I feel like I'm watching the game on a cellphone.

Wow, their bench is torching us.


----------



## Xericx (Oct 29, 2004)

*Re: Game thread: Blazers @ Hornets*

someone shoot in the paint.


----------



## Tooeasy (Nov 4, 2003)

*Re: Game thread: Blazers @ Hornets*

"i gotta sleep diagonal..."


----------



## alext42083 (Nov 7, 2003)

*Re: Game thread: Blazers @ Hornets*

32-inch sandwich? holy crap... haha


----------



## NateBishop3 (Jul 22, 2003)

*Re: Game thread: Blazers @ Hornets*

Nate can't afford to leave these guys in much longer.


----------



## VenomXL (Jan 22, 2008)

I'm hating how the game is going currently, but I'm loving Greg.

Get him Joel!


----------



## alext42083 (Nov 7, 2003)

Joel gets into it with someone every game it seems like..
And Chandler just yaps all the time.


----------



## MARIS61 (Apr 28, 2003)

Jarrett's being a hotdog, not a good sign.


----------



## Xericx (Oct 29, 2004)

Greg cracks me up. 

haha.


----------



## Tooeasy (Nov 4, 2003)

chandler and joel have history if i remember right... but chandler was mad because the block he laid was clean but his teammate was the one that made all the contact.


----------



## NateBishop3 (Jul 22, 2003)

Why do we bring the best out in every scrub player in the league?


----------



## alext42083 (Nov 7, 2003)

Ryan Bowen..... is killing us...


----------



## VenomXL (Jan 22, 2008)

Wow, Bowen is tearing us up?


----------



## Tooeasy (Nov 4, 2003)

come on roy, go strong against miniman pargo....


----------



## wastro (Dec 19, 2004)

I follow the NBA pretty regularly, read NBA blogs often and read the NBA stuff in magazines and newspapers.

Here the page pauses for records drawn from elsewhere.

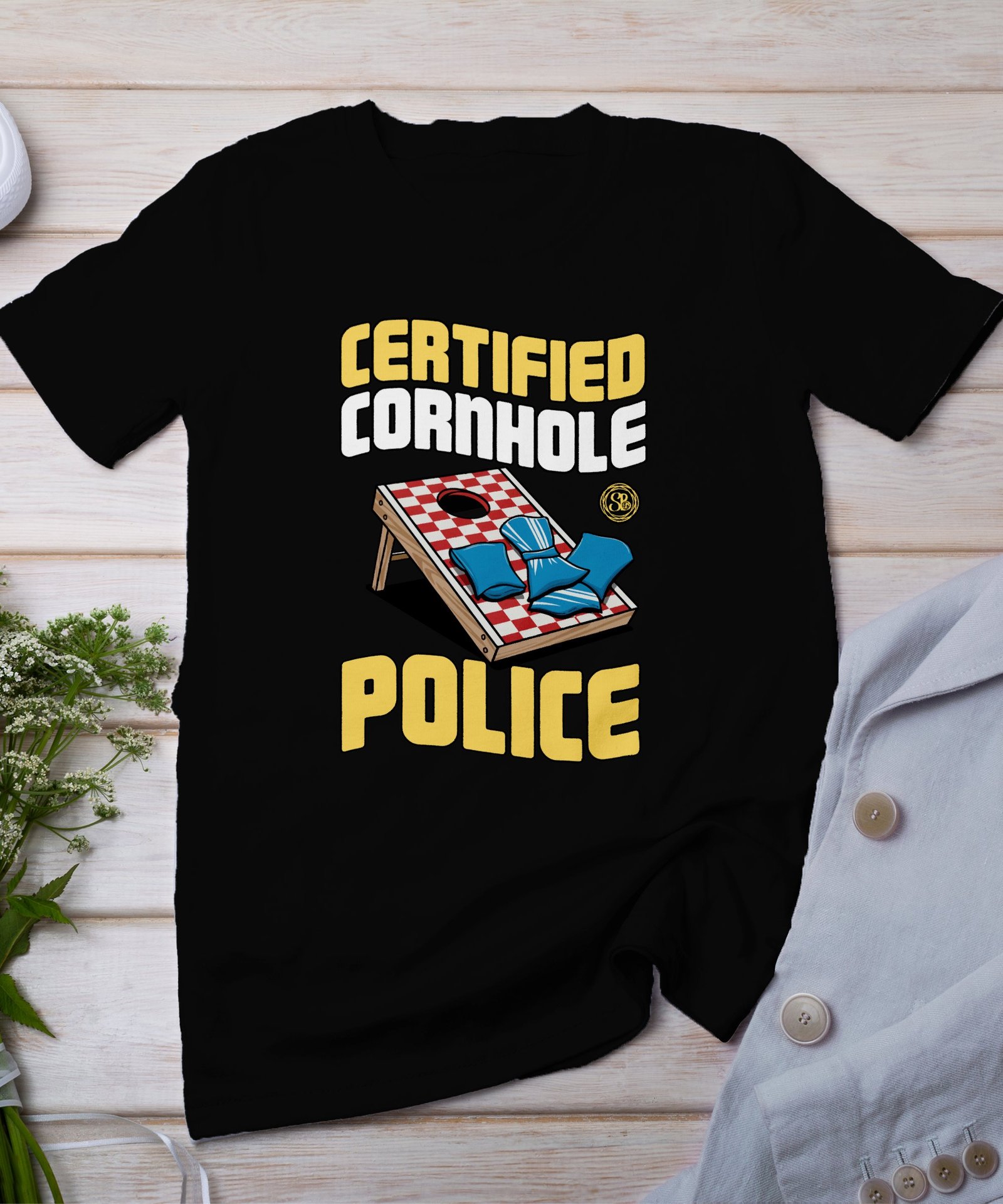 Cornhole Gartenspiel T-Shirt, Camping Freizeitspiel Shirt, Familien Sieger Outfit, Wurfsack Holzbrettspiel Tee, Sommer Outdoor-Spiel Polizei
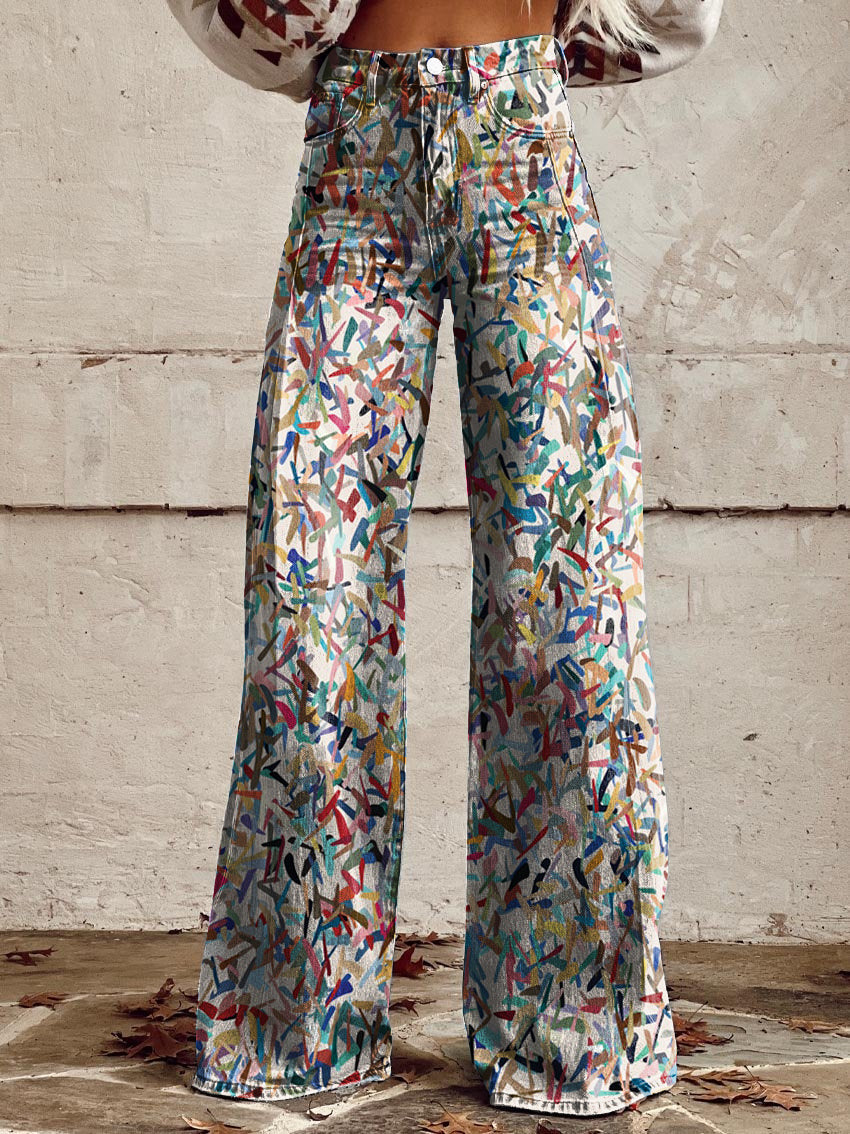 Women's Vintage Abstract Art Print Wide Leg Pants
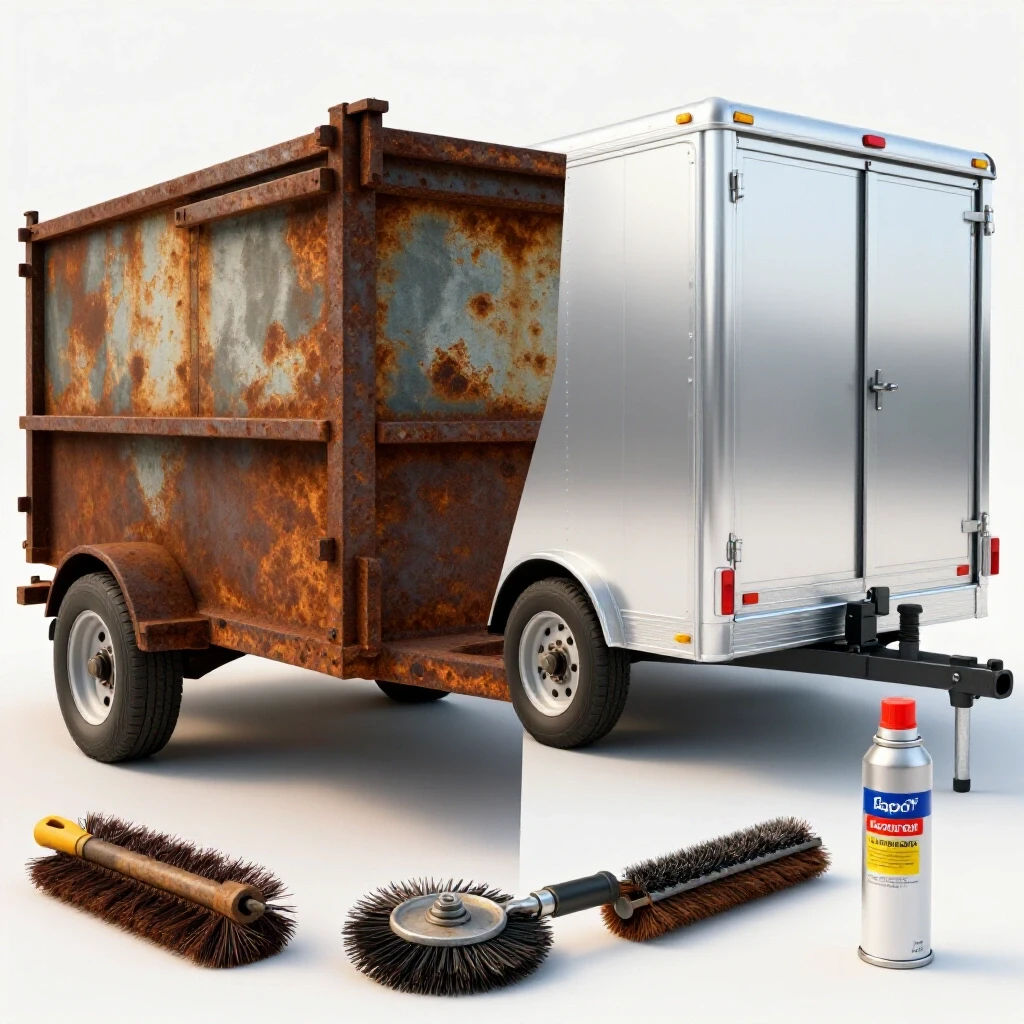 A transformation scene showing a rusty utility trailer on one side and a clean trailer on the other, with tools in the foreground.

And I have never heard of Ryan Bowen.


----------



## NateBishop3 (Jul 22, 2003)

Teams aren't falling for the pick and roll anymore. Roy is either going to have to iso or drive and kick.


----------



## NateBishop3 (Jul 22, 2003)

wastro said:


> I follow the NBA pretty regularly, read NBA blogs often and read the NBA stuff in magazines and newspapers.
> 
> And I have never heard of Ryan Bowen.


He played in Denver for his first few years in the league.


----------



## VenomXL (Jan 22, 2008)

Man, it looked like we were going to play a clean game early on, but this one is looking like it's going to be a real grinder.


----------



## Xericx (Oct 29, 2004)

haha....greg's stayin' at the booth. hah.


----------



## Tooeasy (Nov 4, 2003)

you guys have a pretty hot reporter...


----------



## alext42083 (Nov 7, 2003)

Haha.. Greg doesn't want to go anywhere. They should go with a three-man booth now.


----------



## NateBishop3 (Jul 22, 2003)

What happened to all our momentum?


----------



## Xericx (Oct 29, 2004)

Blake!


----------



## NateBishop3 (Jul 22, 2003)

Pargo? Seriously?


----------



## Spoolie Gee (Feb 3, 2005)

Lue and Pargo look like all-stars against us.


----------



## VenomXL (Jan 22, 2008)

Good god, Pargo.


----------



## alext42083 (Nov 7, 2003)

Pargo and Bowen.... oh man.

THREE! again


----------



## NateBishop3 (Jul 22, 2003)

Finally pargo misses.... good golly.


----------



## mgb (Jun 26, 2004)

It is neat that Oden is just sticking around and giving his comments too.


----------



## alext42083 (Nov 7, 2003)

Minnesota is killing Phoenix right now... 60-42 but only the second quarter.


----------



## Tortimer (Jun 4, 2007)

I think with Greg talking about Paul and fast small PG's he is hinting he would like someone like M.Conley.


----------



## NateBishop3 (Jul 22, 2003)

mgb said:


> It is neat that Oden is just sticking around and giving his comments too.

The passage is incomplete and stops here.